The climate change negotiations in Bonn are wrapping up today with little progress made on developing the guidelines for the implementation of the Paris Agreement. The window for the negotiation of an ambitious outcome at COP24 is quickly narrowing, with little time left between now and December to finalize the process.
“We can no longer afford to lose more time on climate inaction. It is unfortunate that the international community is missing the opportunity to step-up and to take real and bold action to address climate change and its impacts on the most vulnerable,” says Rudelmar Bueno de Faria, ACT Alliance’s General Secretary.
The lack of leadership amongst countries to commit to supporting ambitious climate action in the negotiations has proven to be a stumbling-block in making meaningful progress. The issue of financial support is closely tied to the issue of trust between parties and trust in the process. This is extremely important because trust will ultimately affect the outcomes of the negotiations on the Paris Rulebook, and on the implementation of the Paris Agreement.

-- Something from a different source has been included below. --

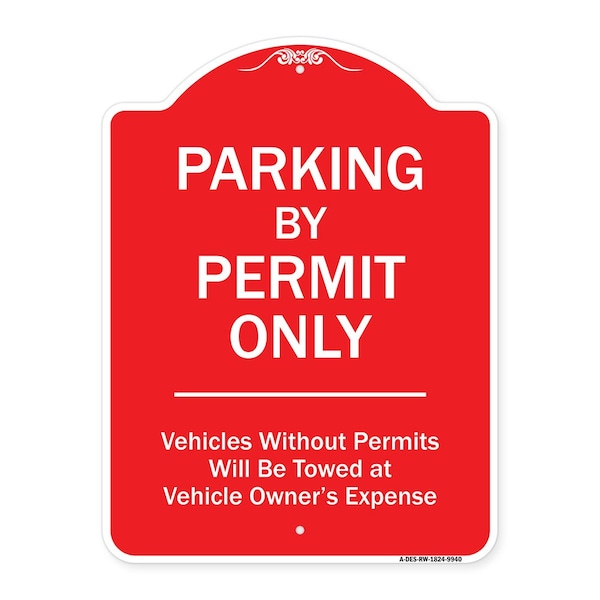 Parking By Permit Vehicles w/o Permits Towed Vehicle Owners Expense Alum, 18" L, 24" H, RW-1824-9940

“In order for people and communities who are living in vulnerable conditions to transition to clean and reliable energy, while also adapting to the effects of climate change, financial support is imperative. Yet developed countries continue to not take the issue of financial support for climate action seriously,” says Martin Vogel, head of the ACT Alliance delegation at the UN climate conference.

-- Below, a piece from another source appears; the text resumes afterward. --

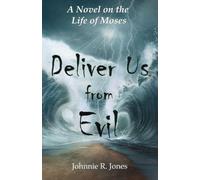 Deliver Us From Evil: 2 (Novels with Spirit)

The Suva Expert Dialogue which was held last week to advance work on Loss and Damage is a clear example of how the process is lacking adequate ambition to develop solutions with the most vulnerable.
“Those that are hit the hardest by climate change impacts continue to be ignored in the climate talks. It is not a question of whether the issue of Loss and Damage fits within the agenda of the negotiations, the real issue is the willingness of the international community to support those who are and will continue to face the enormous financial burdens imposed by climate impacts,” Vogel continues.
Looking ahead, the next round of climate talks will be taking place in Bangkok in September, where Parties will convene for one week and will hopefully move from an exercise of note-taking to actual negotiations and commitments to improving the future of our planet.
“Advancement on the Talanoa Dialogue will now be essential to turn the negotiation process into political goodwill to strengthen the climate commitments of Parties at the next COP and to shift away from the focus on national interests, mistrust and shrewd tactics, as witnessed here in Bonn,” says Vogel.
“ACT Alliance is committed to continue to work to ensure that the outcomes moving forward will be embedded in principles of justice, human rights and solidarity,” says Bueno de Faria.